[What you should do]
Reproduce the listing below from the line with "LE SUPERBE BEAUTIFUL" to the line with "COOYA USB C", both lines included, character for character, minus any pictures.

::: Record extracts :::

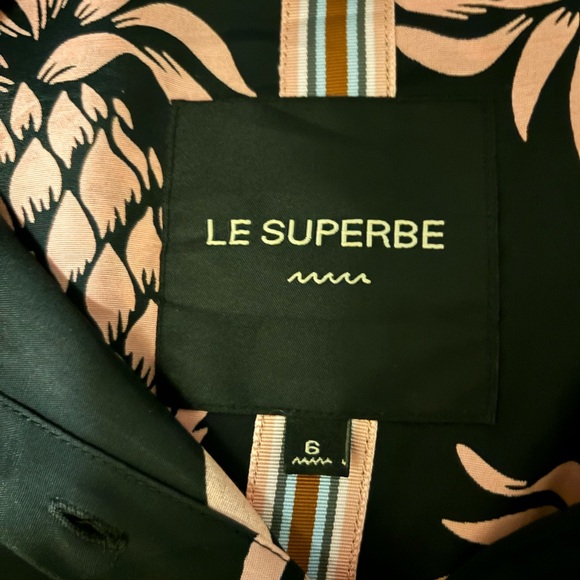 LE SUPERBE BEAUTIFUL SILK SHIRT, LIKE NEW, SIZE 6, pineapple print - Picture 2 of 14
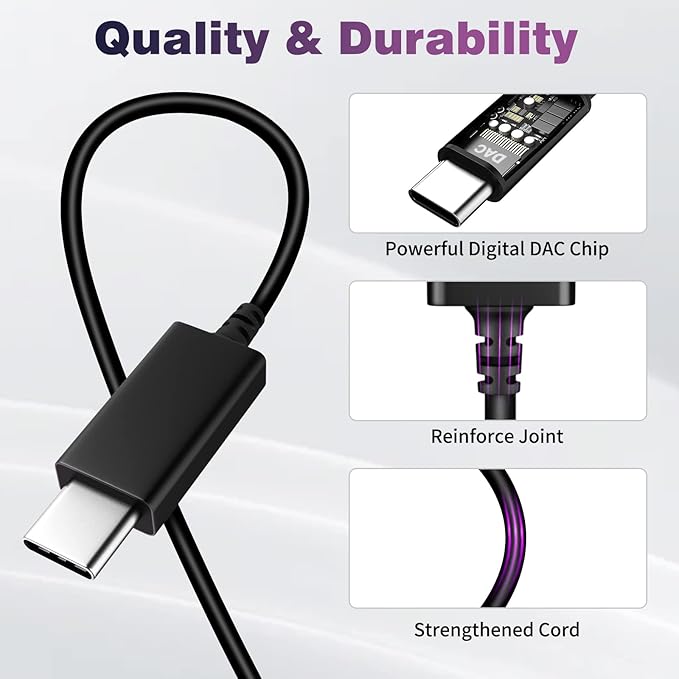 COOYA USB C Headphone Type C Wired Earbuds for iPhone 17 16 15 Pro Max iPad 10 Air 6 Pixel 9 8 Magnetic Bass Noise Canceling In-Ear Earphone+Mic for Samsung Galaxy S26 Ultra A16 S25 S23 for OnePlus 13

:::
::: Record extracts :::

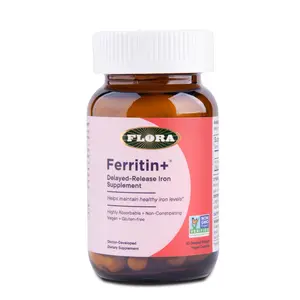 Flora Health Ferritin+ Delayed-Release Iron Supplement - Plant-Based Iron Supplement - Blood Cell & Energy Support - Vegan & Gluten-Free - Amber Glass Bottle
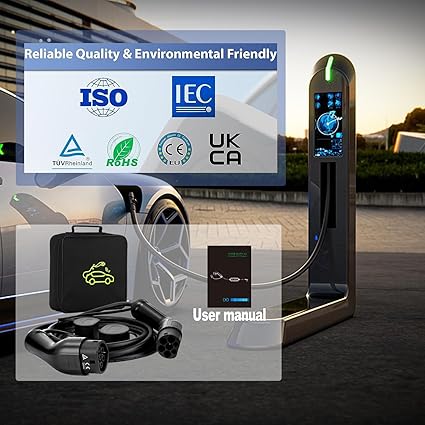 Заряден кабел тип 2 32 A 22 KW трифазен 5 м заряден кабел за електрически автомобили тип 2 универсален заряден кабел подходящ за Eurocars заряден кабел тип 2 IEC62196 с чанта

:::

[Task answer]
 LE SUPERBE BEAUTIFUL SILK SHIRT, LIKE NEW, SIZE 6, pineapple print - Picture 2 of 14
 COOYA USB C Headphone Type C Wired Earbuds for iPhone 17 16 15 Pro Max iPad 10 Air 6 Pixel 9 8 Magnetic Bass Noise Canceling In-Ear Earphone+Mic for Samsung Galaxy S26 Ultra A16 S25 S23 for OnePlus 13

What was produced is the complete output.